A Hierarchical Recurrent Neural Network for Symbolic Melody Generation
This addresses the challenge of long-term structure in melody generation for music AI applications, but it is incremental as it builds on existing neural network approaches.
The authors tackled the problem of generating symbolic melodies with long-term structure by proposing a hierarchical recurrent neural network with three LSTM subnetworks working in a coarse-to-fine manner, and it produced better melodies than state-of-the-art models like MidiNet and MusicVAE in human evaluations.
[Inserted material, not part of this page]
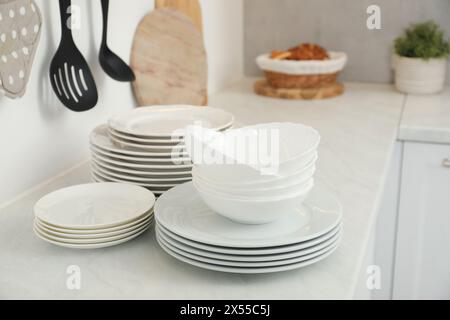 Nettoyez les assiettes et les bols sur le comptoir en marbre blanc dans la cuisine Banque D'Images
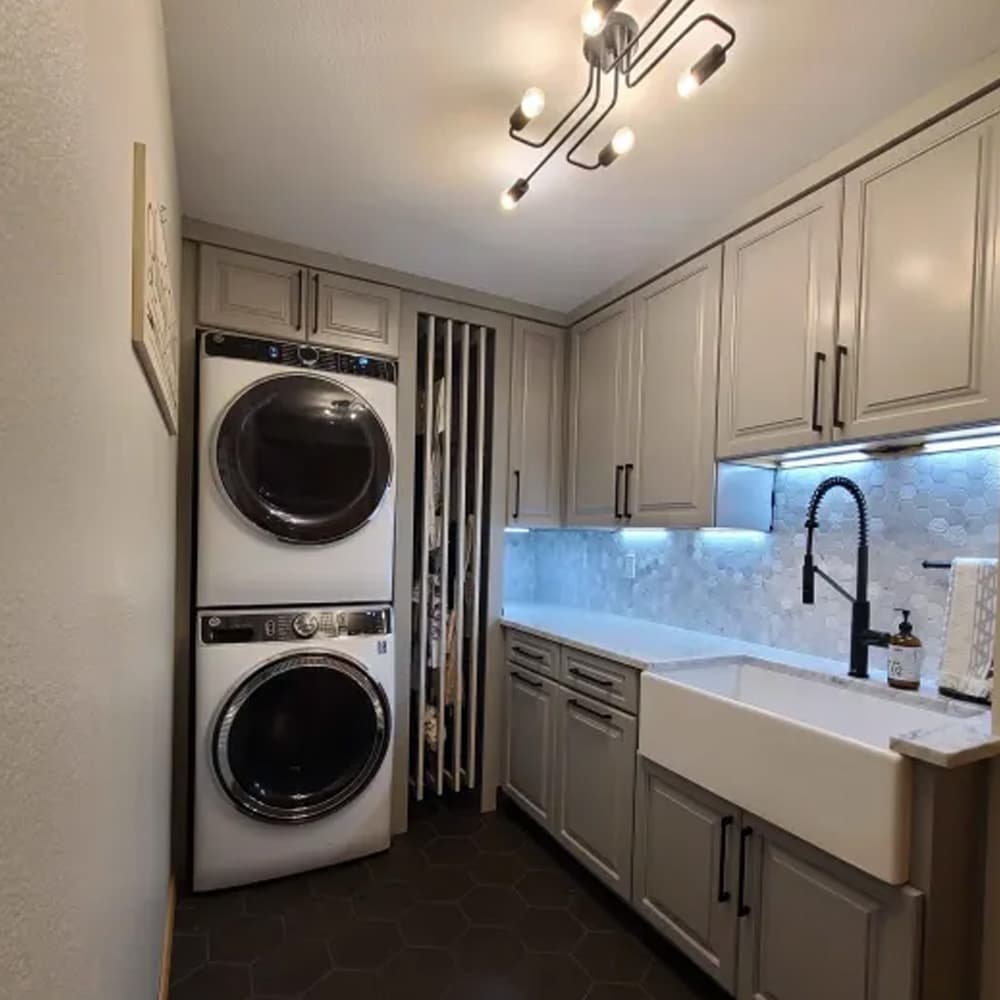 DryAway pullout cabinet drying system in retracted position showing space-efficient laundry room organization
In recent years, neural networks have been used to generate symbolic melodies. However, the long-term structure in the melody has posed great difficulty for designing a good model. In this paper, we present a hierarchical recurrent neural network for melody generation, which consists of three Long-Short-Term-Memory (LSTM) subnetworks working in a coarse-to-fine manner along time. Specifically, the three subnetworks generate bar profiles, beat profiles and notes in turn, and the output of the high-level subnetworks are fed into the low-level subnetworks, serving as guidance for generating the finer time-scale melody components in low-level subnetworks. Two human behavior experiments demonstrate the advantage of this structure over the single-layer LSTM which attempts to learn all hidden structures in melodies. Compared with the state-of-the-art models MidiNet and MusicVAE, the hierarchical recurrent neural network produces better melodies evaluated by humans.